= What you will do =
The answer is an exact repeat of the entries below, with the pictures omitted.

[Image-text web data]
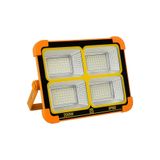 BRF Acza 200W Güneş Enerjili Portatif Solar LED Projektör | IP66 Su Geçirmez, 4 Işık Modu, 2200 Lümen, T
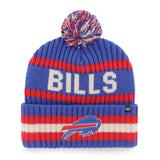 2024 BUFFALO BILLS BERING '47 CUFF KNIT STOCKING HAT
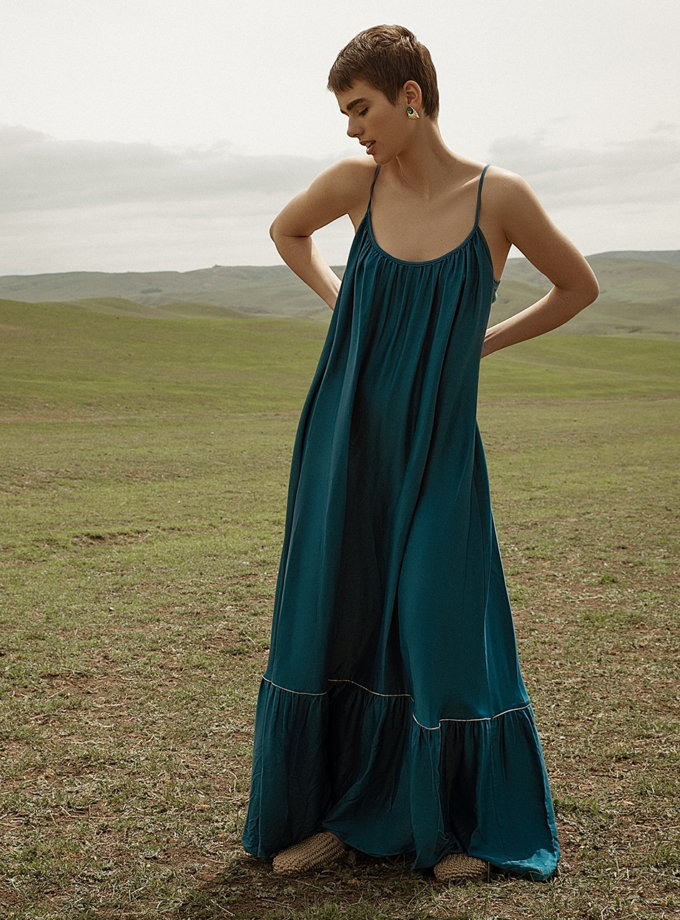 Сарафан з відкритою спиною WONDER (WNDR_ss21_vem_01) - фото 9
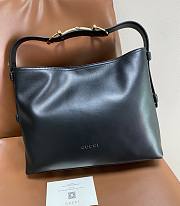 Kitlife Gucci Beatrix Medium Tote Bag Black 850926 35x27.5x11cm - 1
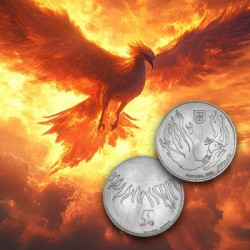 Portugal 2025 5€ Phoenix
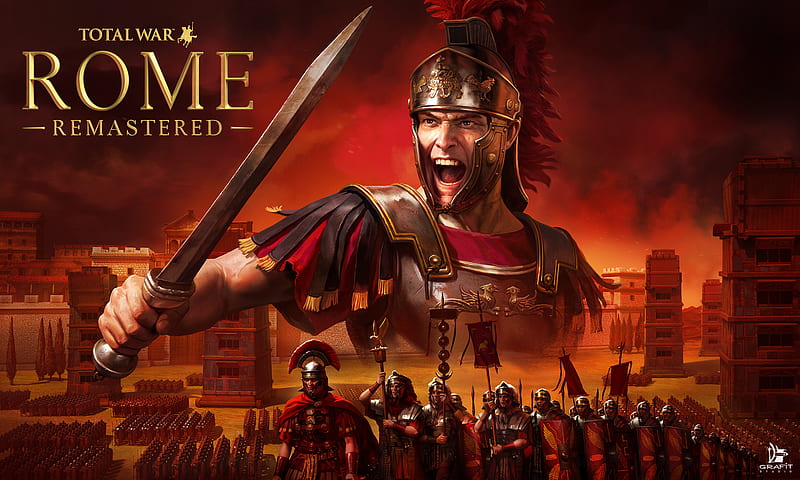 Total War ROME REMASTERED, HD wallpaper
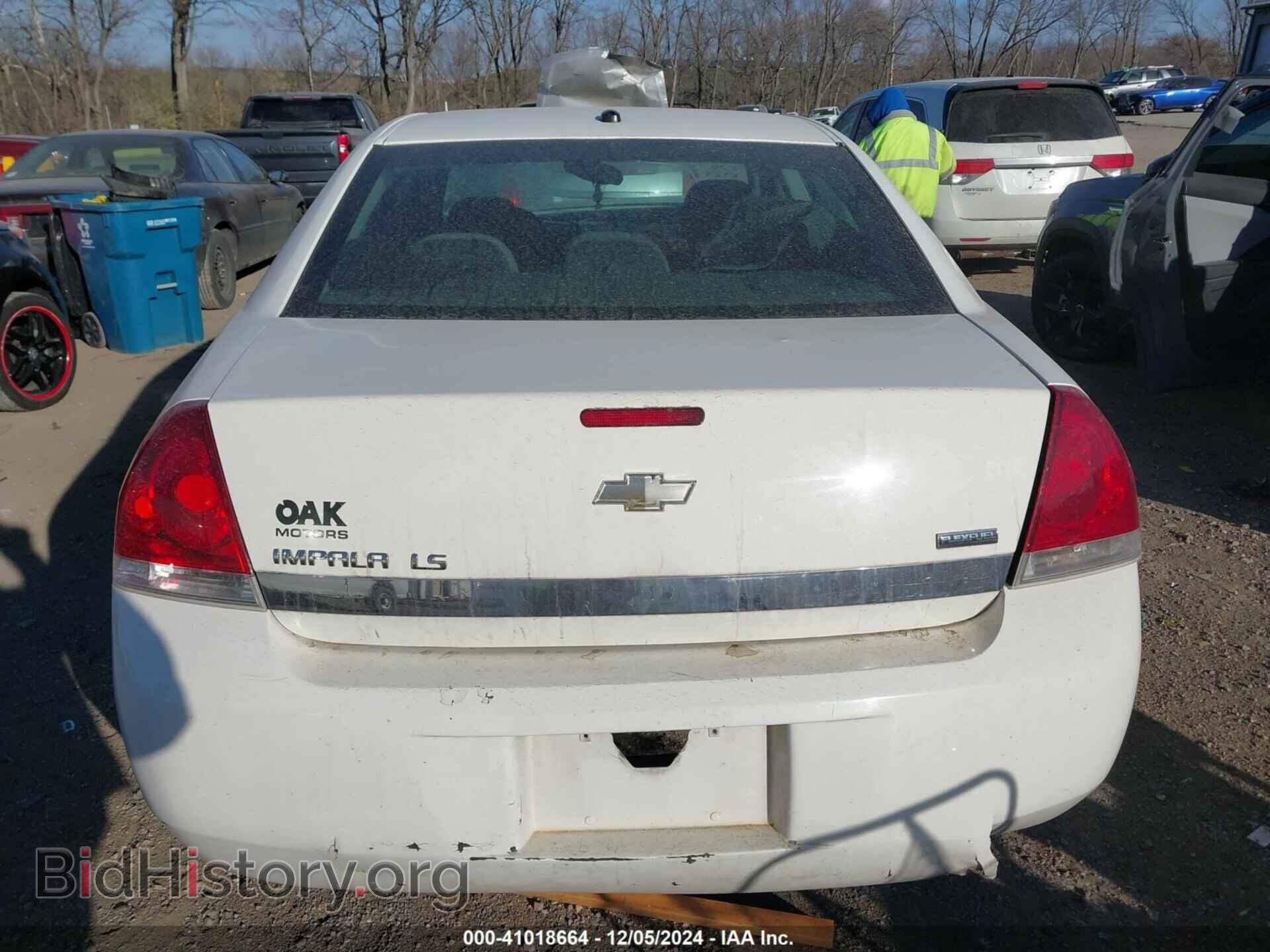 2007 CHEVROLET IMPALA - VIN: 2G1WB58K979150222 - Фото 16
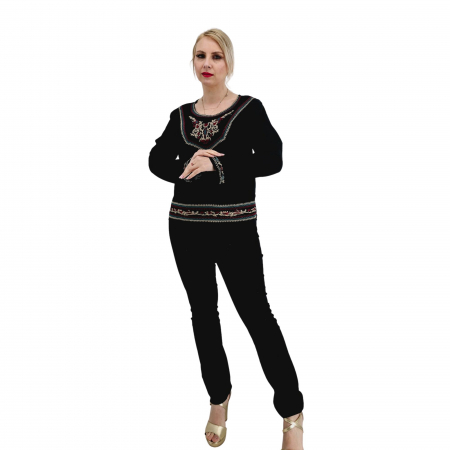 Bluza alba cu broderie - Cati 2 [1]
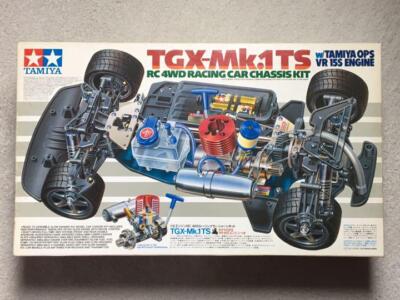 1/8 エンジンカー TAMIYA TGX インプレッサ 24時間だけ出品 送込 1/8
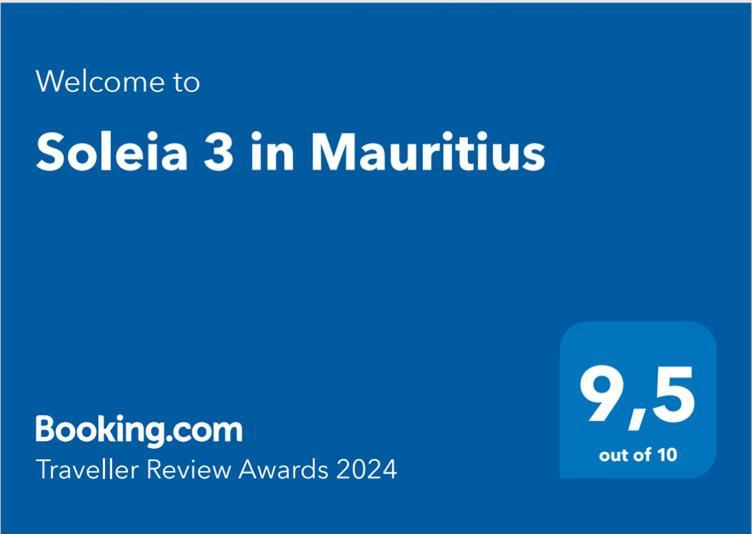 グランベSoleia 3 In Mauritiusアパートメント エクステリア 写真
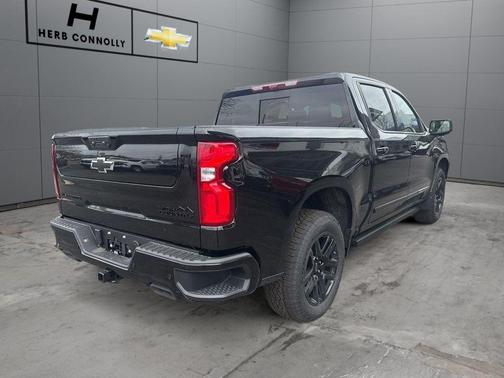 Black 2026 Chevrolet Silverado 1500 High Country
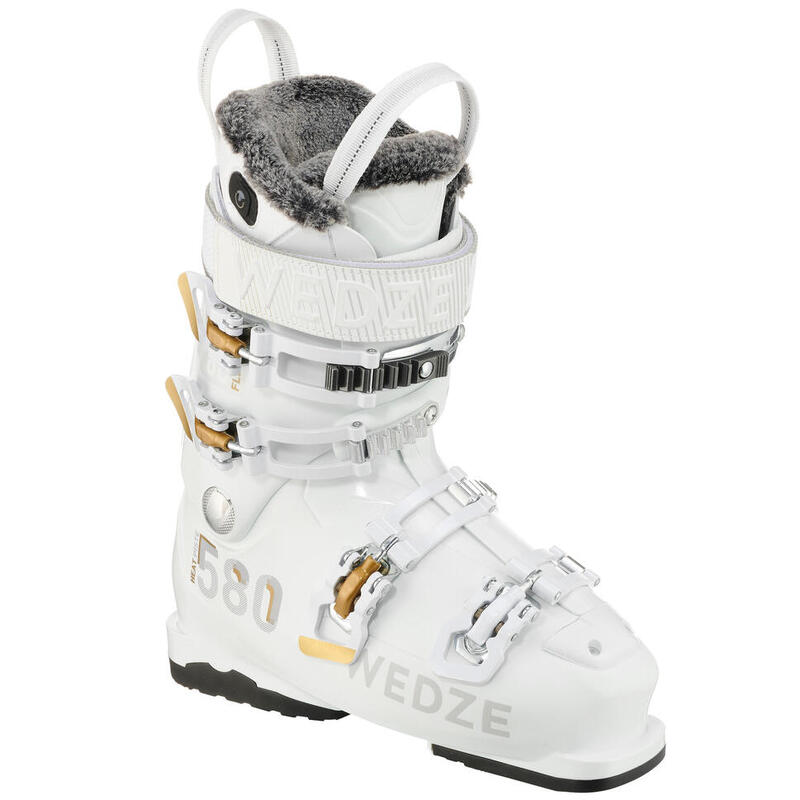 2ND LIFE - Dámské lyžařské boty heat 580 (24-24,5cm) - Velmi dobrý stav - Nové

= Exercise output =
 BRF Acza 200W Güneş Enerjili Portatif Solar LED Projektör | IP66 Su Geçirmez, 4 Işık Modu, 2200 Lümen, T
 2024 BUFFALO BILLS BERING '47 CUFF KNIT STOCKING HAT
 Сарафан з відкритою спиною WONDER (WNDR_ss21_vem_01) - фото 9
 Kitlife Gucci Beatrix Medium Tote Bag Black 850926 35x27.5x11cm - 1
 Portugal 2025 5€ Phoenix
 Total War ROME REMASTERED, HD wallpaper
 2007 CHEVROLET IMPALA - VIN: 2G1WB58K979150222 - Фото 16
 Bluza alba cu broderie - Cati 2 [1]
 1/8 エンジンカー TAMIYA TGX インプレッサ 24時間だけ出品 送込 1/8
 グランベSoleia 3 In Mauritiusアパートメント エクステリア 写真
 Black 2026 Chevrolet Silverado 1500 High Country
 2ND LIFE - Dámské lyžařské boty heat 580 (24-24,5cm) - Velmi dobrý stav - Nové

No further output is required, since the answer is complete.